Researchers from The Scripps Research Institute (TSRI), the International AIDS Vaccine Initiative (IAVI) and the La Jolla Institute for Allergy and Immunology recently discovered that an engineered vaccine protein bonds with important immune cells that are available in almost all humans, potentially helping create HIV antibodies naturally.
Some people who have HIV infections are able to naturally generate antibodies that are efficient in neutralizing several different HIV strains as they quickly mutate.
With this discovery, scientists may be able to create a vaccine that also generates these “broadly neutralizing” antibodies, stopping HIV infections before they begin.
“We found that almost everybody has these broadly neutralizing antibody precursors, and that a precisely engineered protein can bind to these cells that have potential to develop into HIV broadly neutralizing antibody-producing cells, even in the presence of competition from other immune cells,” William Schief, lead author of the study and TSRI professor and director, said.

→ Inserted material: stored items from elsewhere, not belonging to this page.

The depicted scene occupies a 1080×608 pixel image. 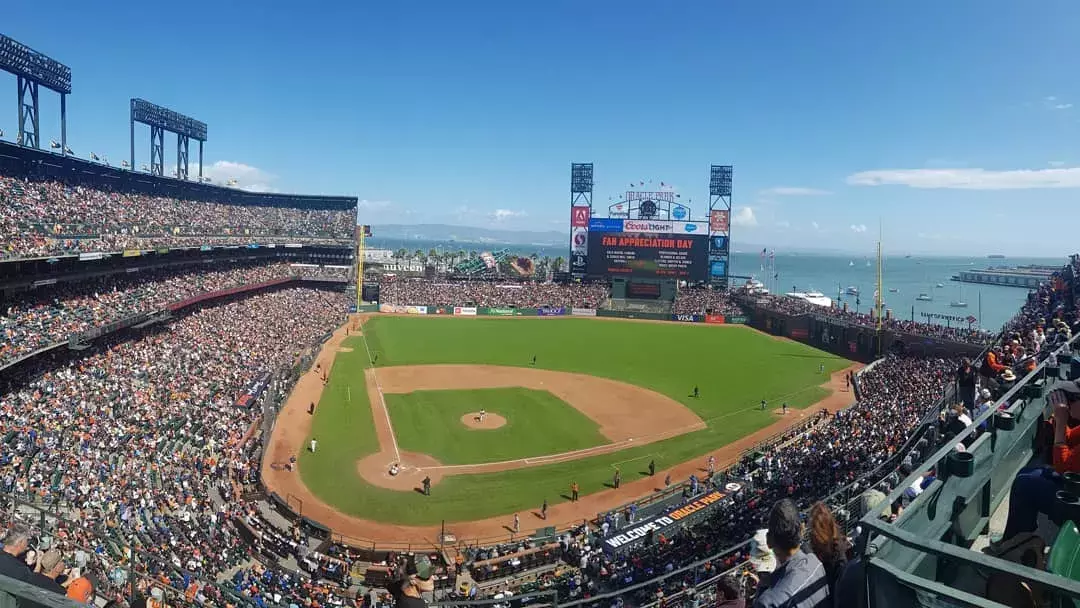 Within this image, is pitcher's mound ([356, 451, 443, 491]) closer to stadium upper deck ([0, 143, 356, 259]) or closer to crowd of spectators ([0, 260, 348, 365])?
crowd of spectators ([0, 260, 348, 365])

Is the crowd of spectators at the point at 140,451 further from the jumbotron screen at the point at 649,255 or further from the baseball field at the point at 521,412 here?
the jumbotron screen at the point at 649,255

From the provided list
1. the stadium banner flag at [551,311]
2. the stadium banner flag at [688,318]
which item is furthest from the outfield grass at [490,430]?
the stadium banner flag at [551,311]

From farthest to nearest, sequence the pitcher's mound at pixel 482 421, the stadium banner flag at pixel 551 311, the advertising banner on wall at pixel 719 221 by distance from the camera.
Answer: the stadium banner flag at pixel 551 311 → the advertising banner on wall at pixel 719 221 → the pitcher's mound at pixel 482 421

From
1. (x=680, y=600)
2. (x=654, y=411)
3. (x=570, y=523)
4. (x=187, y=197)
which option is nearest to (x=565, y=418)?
(x=654, y=411)

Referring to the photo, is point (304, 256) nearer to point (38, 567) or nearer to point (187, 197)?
point (187, 197)

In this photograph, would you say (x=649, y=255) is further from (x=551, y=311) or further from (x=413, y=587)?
(x=413, y=587) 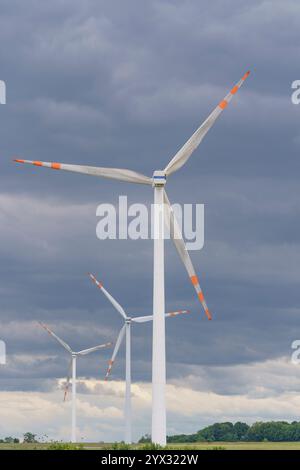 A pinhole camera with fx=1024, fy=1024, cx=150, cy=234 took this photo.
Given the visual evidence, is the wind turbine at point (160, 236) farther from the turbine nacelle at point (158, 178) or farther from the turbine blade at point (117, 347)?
the turbine blade at point (117, 347)

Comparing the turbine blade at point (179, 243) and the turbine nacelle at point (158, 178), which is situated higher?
the turbine nacelle at point (158, 178)

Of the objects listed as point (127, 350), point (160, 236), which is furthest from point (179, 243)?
point (127, 350)

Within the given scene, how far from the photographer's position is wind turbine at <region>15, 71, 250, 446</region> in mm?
82688

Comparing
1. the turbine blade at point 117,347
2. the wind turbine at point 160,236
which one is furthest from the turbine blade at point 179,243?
the turbine blade at point 117,347

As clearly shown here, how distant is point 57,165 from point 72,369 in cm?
7400

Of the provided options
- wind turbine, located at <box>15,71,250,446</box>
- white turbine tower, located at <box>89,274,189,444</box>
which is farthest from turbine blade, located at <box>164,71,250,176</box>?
white turbine tower, located at <box>89,274,189,444</box>

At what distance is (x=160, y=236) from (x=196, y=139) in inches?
385

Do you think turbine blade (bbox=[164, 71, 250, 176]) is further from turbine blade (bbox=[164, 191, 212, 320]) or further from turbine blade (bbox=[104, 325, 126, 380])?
turbine blade (bbox=[104, 325, 126, 380])

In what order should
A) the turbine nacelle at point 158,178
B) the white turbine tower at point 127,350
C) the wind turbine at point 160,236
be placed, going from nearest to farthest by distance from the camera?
1. the wind turbine at point 160,236
2. the turbine nacelle at point 158,178
3. the white turbine tower at point 127,350

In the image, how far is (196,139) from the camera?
292ft

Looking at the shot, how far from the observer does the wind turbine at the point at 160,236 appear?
82688 mm

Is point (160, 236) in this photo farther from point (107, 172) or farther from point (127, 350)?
point (127, 350) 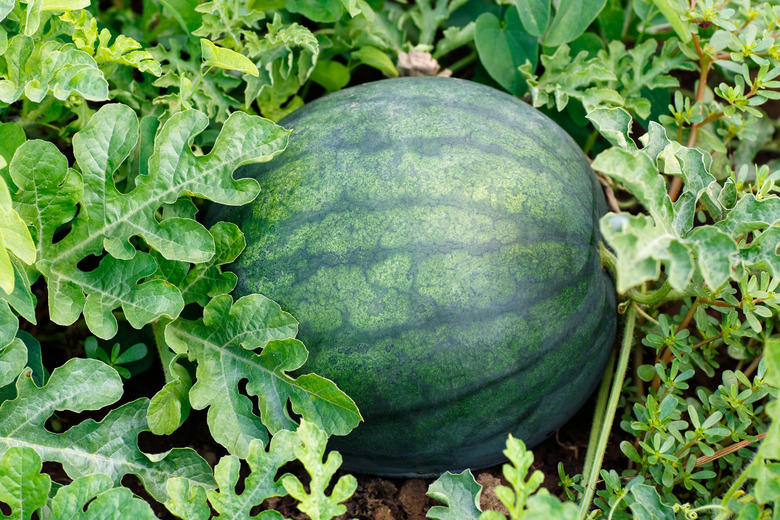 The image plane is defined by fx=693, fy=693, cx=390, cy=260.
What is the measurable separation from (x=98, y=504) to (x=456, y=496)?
2.25ft

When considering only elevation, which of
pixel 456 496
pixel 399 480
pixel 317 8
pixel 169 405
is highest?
pixel 317 8

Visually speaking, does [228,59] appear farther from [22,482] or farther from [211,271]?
[22,482]

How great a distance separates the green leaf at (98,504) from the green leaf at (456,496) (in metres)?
0.54

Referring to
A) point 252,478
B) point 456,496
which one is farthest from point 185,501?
point 456,496

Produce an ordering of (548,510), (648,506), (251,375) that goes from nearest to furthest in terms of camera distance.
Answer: (548,510)
(648,506)
(251,375)

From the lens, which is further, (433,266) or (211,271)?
(211,271)

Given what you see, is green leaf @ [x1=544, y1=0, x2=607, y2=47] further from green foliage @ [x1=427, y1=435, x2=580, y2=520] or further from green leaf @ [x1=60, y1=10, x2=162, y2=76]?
green foliage @ [x1=427, y1=435, x2=580, y2=520]

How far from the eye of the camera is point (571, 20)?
187 cm

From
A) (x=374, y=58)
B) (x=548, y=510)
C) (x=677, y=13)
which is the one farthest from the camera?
(x=374, y=58)

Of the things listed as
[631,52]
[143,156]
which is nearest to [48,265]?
[143,156]

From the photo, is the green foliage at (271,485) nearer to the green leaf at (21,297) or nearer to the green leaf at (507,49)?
the green leaf at (21,297)

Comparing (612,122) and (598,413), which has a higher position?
(612,122)

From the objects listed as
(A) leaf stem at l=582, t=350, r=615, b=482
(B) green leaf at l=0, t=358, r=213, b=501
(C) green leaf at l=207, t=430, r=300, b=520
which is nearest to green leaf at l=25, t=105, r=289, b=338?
(B) green leaf at l=0, t=358, r=213, b=501

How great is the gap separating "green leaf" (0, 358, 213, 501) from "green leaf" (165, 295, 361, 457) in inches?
4.7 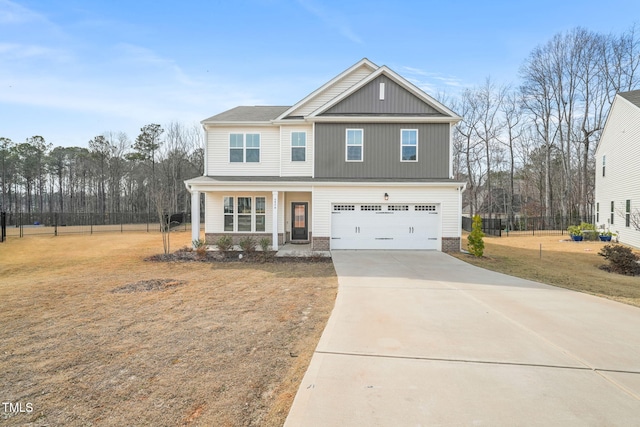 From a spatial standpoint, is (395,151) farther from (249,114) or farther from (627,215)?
(627,215)

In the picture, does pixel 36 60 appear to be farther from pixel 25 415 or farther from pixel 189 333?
pixel 25 415

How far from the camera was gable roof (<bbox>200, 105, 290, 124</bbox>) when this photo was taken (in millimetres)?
15977

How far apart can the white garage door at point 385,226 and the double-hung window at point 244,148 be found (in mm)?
4912

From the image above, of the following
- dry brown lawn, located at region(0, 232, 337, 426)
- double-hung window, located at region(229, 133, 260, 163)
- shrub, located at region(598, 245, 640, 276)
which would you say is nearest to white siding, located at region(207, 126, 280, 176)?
double-hung window, located at region(229, 133, 260, 163)

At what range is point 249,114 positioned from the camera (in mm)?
17031

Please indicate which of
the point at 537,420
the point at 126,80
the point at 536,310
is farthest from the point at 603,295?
the point at 126,80

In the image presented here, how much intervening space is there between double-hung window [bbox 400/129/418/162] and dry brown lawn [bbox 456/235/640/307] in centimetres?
496

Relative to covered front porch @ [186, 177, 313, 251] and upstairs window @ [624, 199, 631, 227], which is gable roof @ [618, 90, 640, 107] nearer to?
upstairs window @ [624, 199, 631, 227]

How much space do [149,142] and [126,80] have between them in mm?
30741

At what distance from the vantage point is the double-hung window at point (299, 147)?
15.8 metres

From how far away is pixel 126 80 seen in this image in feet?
49.9

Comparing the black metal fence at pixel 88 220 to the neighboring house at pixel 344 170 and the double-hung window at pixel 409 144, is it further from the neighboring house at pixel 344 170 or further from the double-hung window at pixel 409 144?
the double-hung window at pixel 409 144

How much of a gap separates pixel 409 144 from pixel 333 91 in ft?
15.7

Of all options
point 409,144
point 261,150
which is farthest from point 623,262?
point 261,150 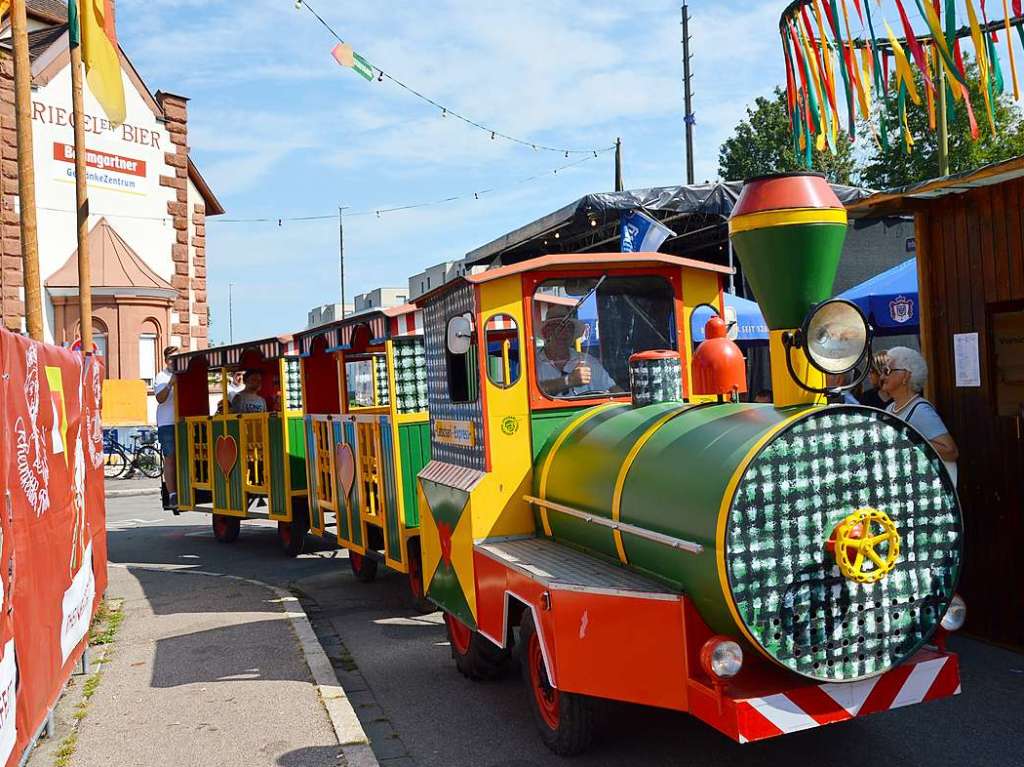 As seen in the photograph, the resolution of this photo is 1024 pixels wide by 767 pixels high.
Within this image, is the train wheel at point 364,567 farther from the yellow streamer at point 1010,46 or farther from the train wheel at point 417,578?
the yellow streamer at point 1010,46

This emerging vaccine strategy would require people to receive HIV vaccines that contain several different HIV proteins engineered by scientists. This strategy requires that the first immunogen bonds with neutralizing antibody precursor B cells, which can develop antibodies.
“The challenge for vaccine developers is to determine if an immunogen can present a particular viral surface in a way that distinct B cells can be activated, proliferate and be useful,” Shane Crotty, study co-author and professor at the La Jolla Institute, said. “Using a new technique, we were able to show — well in advance of clinical trials — that most humans actually have the right B cells that will bind to this vaccine candidate. It is remarkable that protein design can be so specific as to ’find’ one in a million cells, demonstrating the feasibility of this new vaccine strategy.”